▶ **RAW DATA**
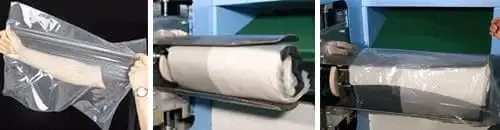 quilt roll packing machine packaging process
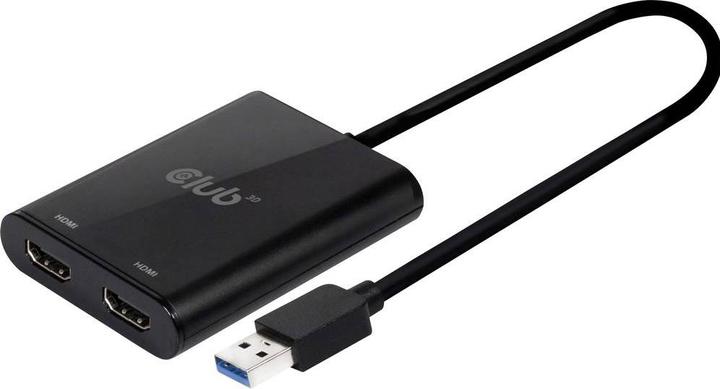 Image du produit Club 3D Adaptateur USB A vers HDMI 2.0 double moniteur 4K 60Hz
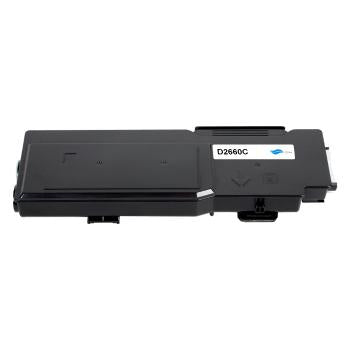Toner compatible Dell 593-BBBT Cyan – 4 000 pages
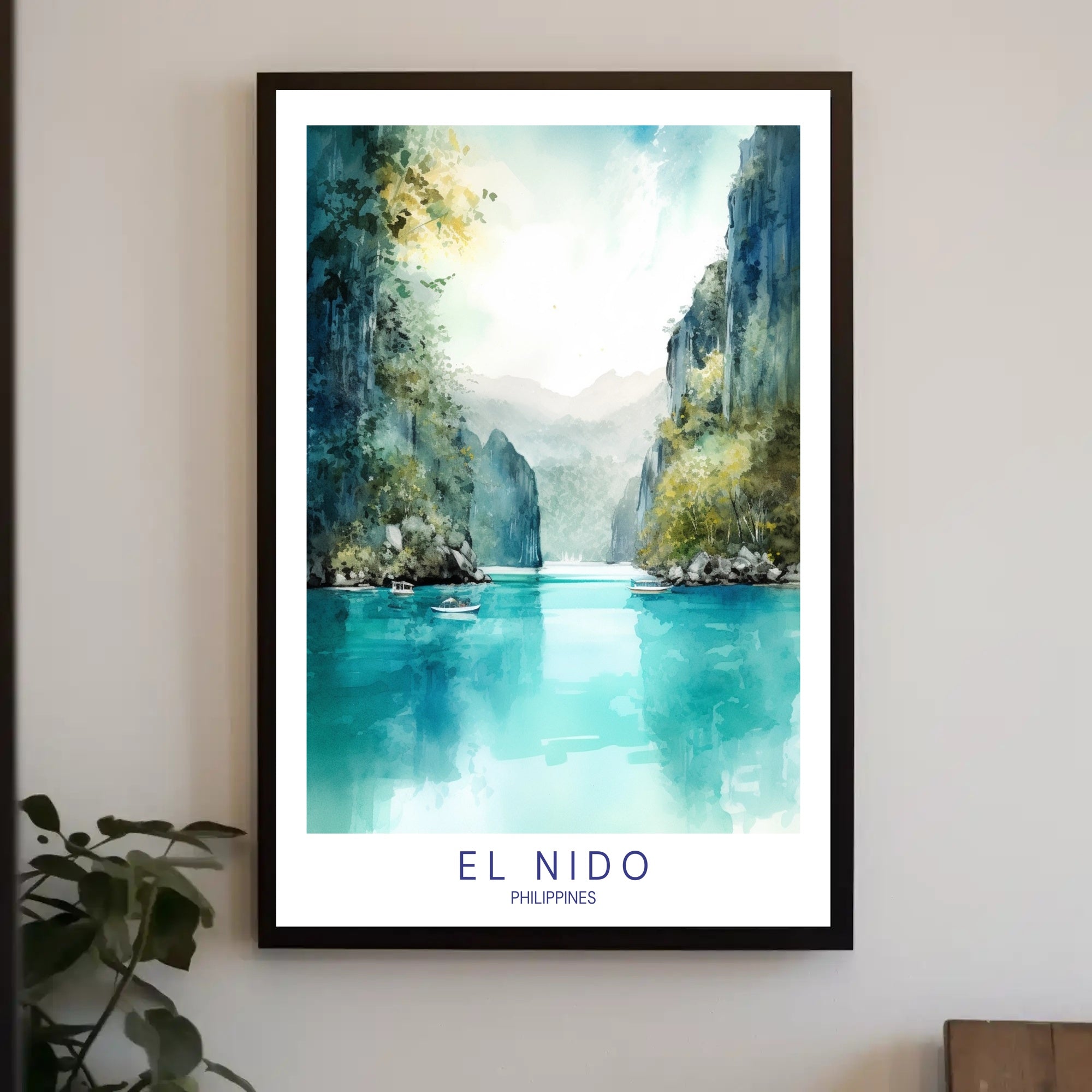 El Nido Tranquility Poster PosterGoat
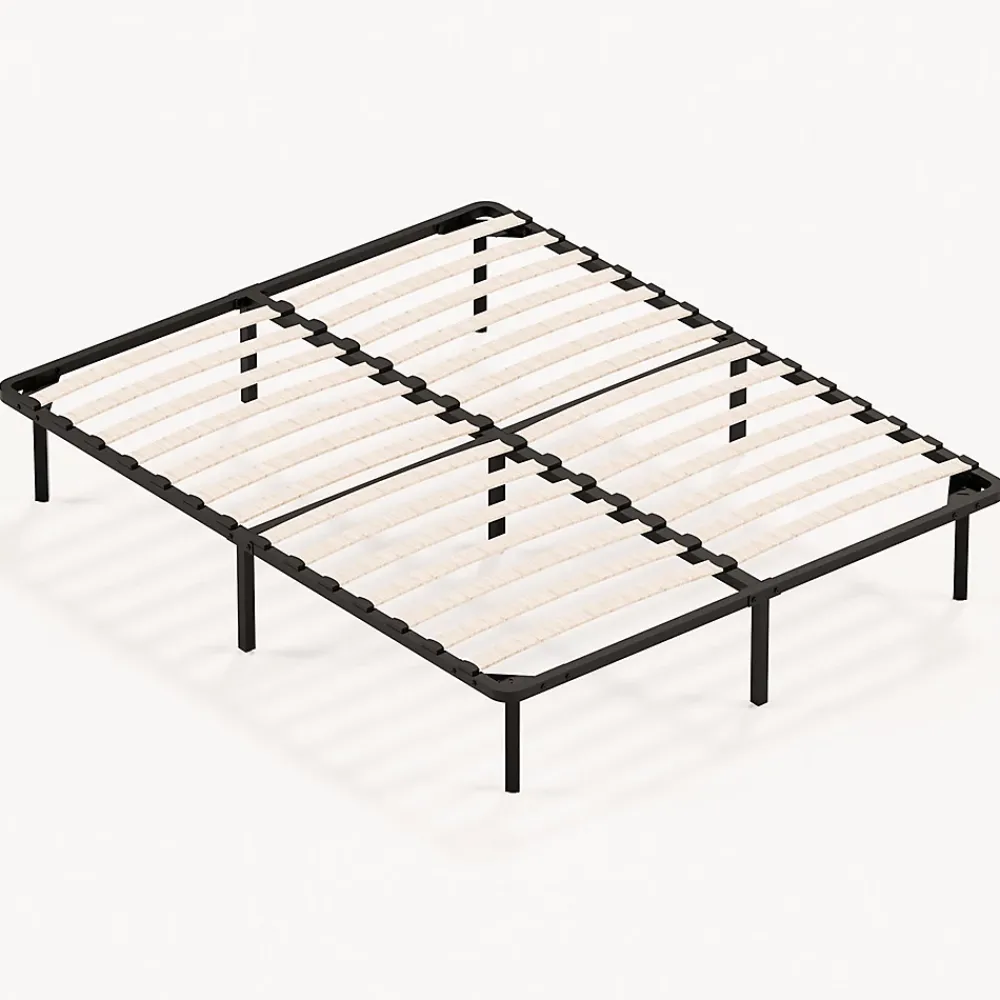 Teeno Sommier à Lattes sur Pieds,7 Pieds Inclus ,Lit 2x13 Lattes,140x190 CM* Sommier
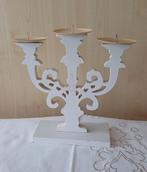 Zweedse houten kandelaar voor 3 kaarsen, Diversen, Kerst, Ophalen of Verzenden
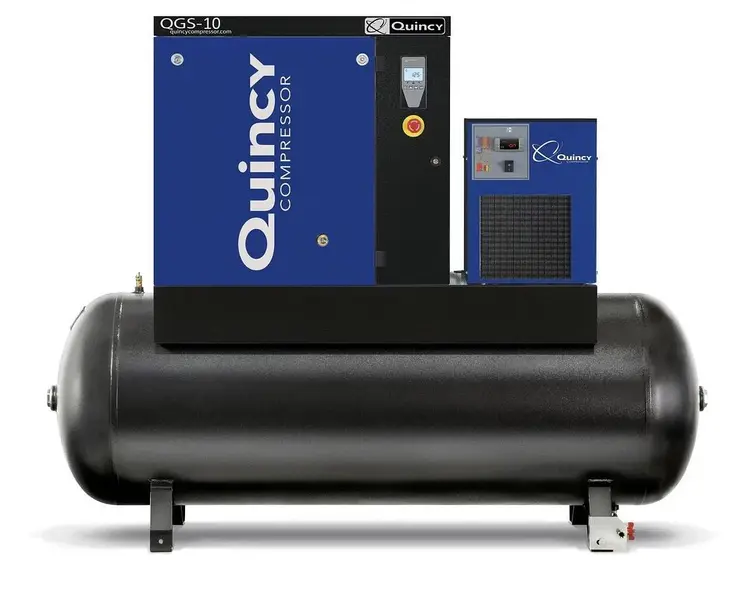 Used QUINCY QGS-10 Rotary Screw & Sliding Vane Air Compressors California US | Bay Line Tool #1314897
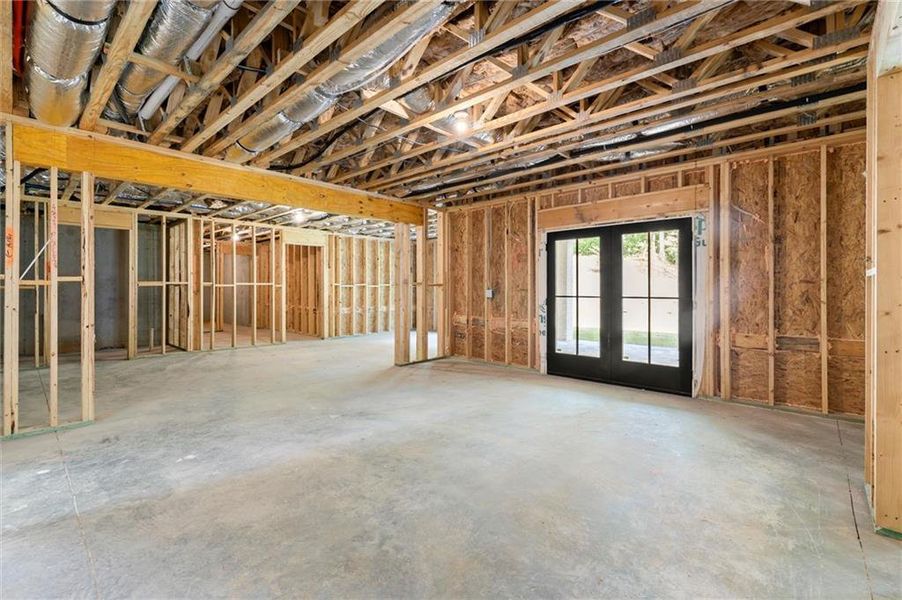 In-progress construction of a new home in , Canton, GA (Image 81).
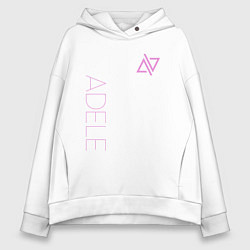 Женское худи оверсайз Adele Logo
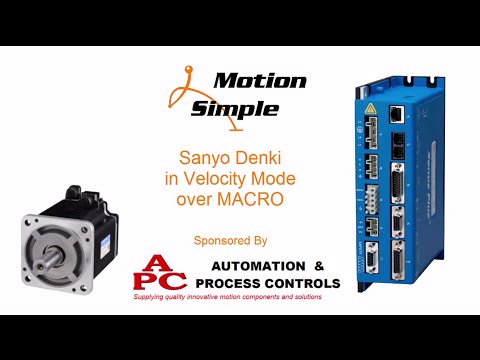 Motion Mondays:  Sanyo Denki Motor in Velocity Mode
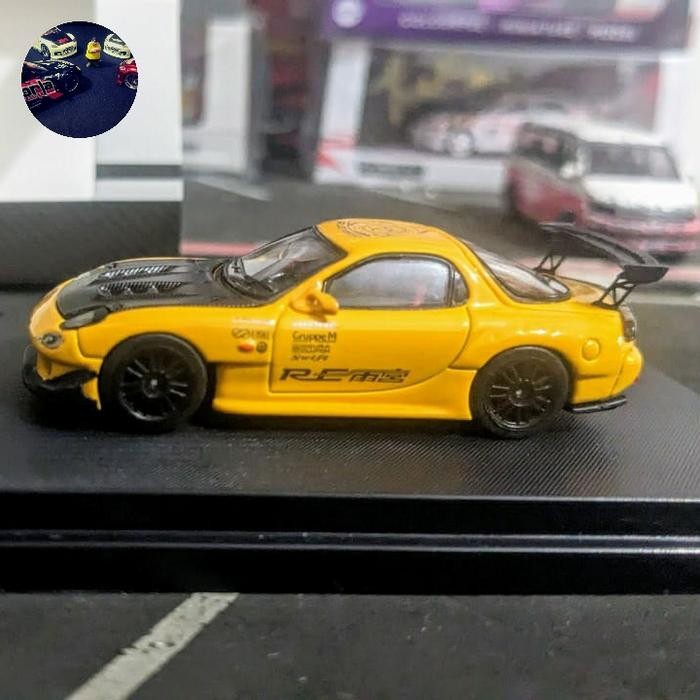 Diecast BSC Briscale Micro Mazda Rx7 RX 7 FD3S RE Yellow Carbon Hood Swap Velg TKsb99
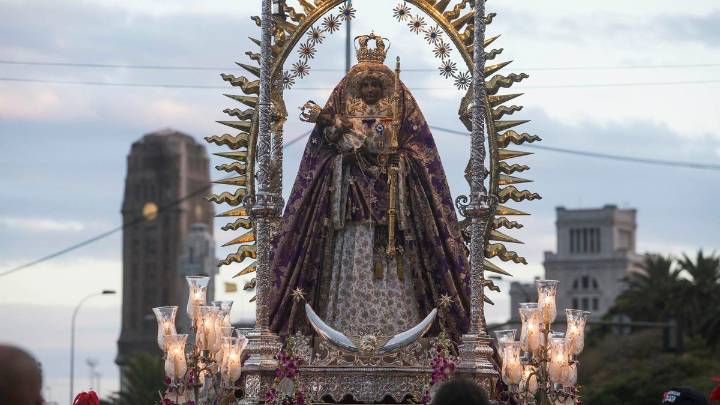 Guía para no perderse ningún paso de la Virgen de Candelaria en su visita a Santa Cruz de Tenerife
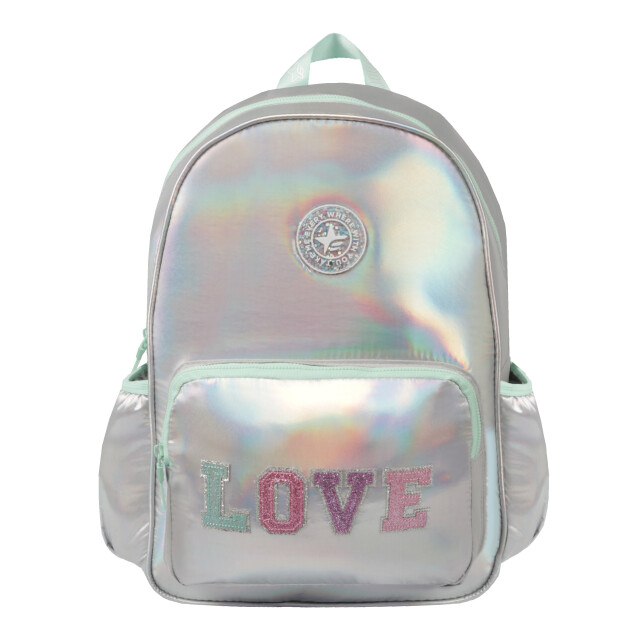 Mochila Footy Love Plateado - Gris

▶ **WHAT YOU WILL DO**
All records above are to be repeated exactly, with the images left out.

▶ **FINISHED EXERCISE**
 quilt roll packing machine packaging process
 Image du produit Club 3D Adaptateur USB A vers HDMI 2.0 double moniteur 4K 60Hz
Toner compatible Dell 593-BBBT Cyan – 4 000 pages
 El Nido Tranquility Poster PosterGoat
 Teeno Sommier à Lattes sur Pieds,7 Pieds Inclus ,Lit 2x13 Lattes,140x190 CM* Sommier
 Zweedse houten kandelaar voor 3 kaarsen, Diversen, Kerst, Ophalen of Verzenden
 Used QUINCY QGS-10 Rotary Screw & Sliding Vane Air Compressors California US | Bay Line Tool #1314897
 In-progress construction of a new home in , Canton, GA (Image 81).
 Женское худи оверсайз Adele Logo
 Motion Mondays:  Sanyo Denki Motor in Velocity Mode
 Diecast BSC Briscale Micro Mazda Rx7 RX 7 FD3S RE Yellow Carbon Hood Swap Velg TKsb99
 Guía para no perderse ningún paso de la Virgen de Candelaria en su visita a Santa Cruz de Tenerife
 Mochila Footy Love Plateado - Gris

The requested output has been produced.